Visual Algorithms • UX/UI Case Study

Depth-First Search (DFS)

Learn DFS as a clear, step-by-step exploration, then understand how DFS reveals non-tree edges and graph structure.

DFS is one of the most important graph algorithms because it is the foundation for many higher-level ideas: detecting cycles, building topological order, identifying strongly connected components, and classifying edges.

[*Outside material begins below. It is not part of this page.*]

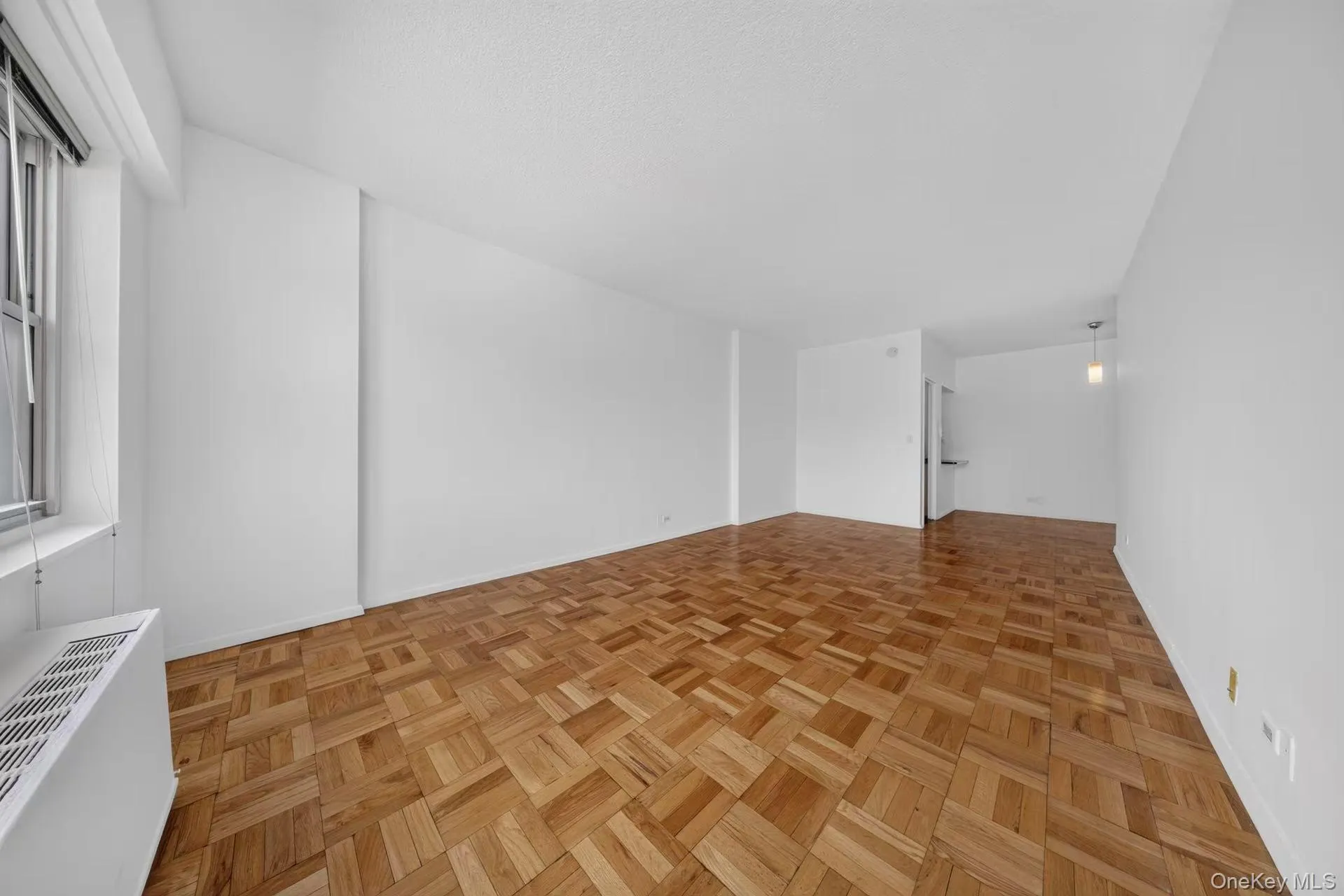 Expansive living space featuring parquet wood flooring and crisp white walls Expansive living space featuring parquet wood flooring and crisp white walls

This page includes two demos: first, a guided DFS traversal; second, a “Non-tree Edge Analysis” demo showing how DFS produces edge types that explain graph relationships.

Watch Demo

Quick Facts

Core Idea

Go as deep as possible, then backtrack (stack/recursion behavior).

What learners practice

Visited order, backtracking moments, and edge interpretation.

Why it matters

Foundation for cycle detection, topological sort, SCC, and more.

My role

UX/UI teaching flow + animation design for clear graph reasoning.

What the Demos Emphasize

Traversal state: which node is active, which nodes are discovered, and when backtracking happens.
Tree vs non-tree edges: edges chosen by DFS become the DFS tree; other edges reveal structure.
Readable reasoning: each step is paired with a short explanation (“why this edge next?”).

Demo 1 — DFS Traversal

What to watch for

Notice how DFS commits to one path “deep” until no unvisited neighbor remains, then backtracks to the most recent branching point. This behavior is what makes DFS powerful for discovering structure in graphs.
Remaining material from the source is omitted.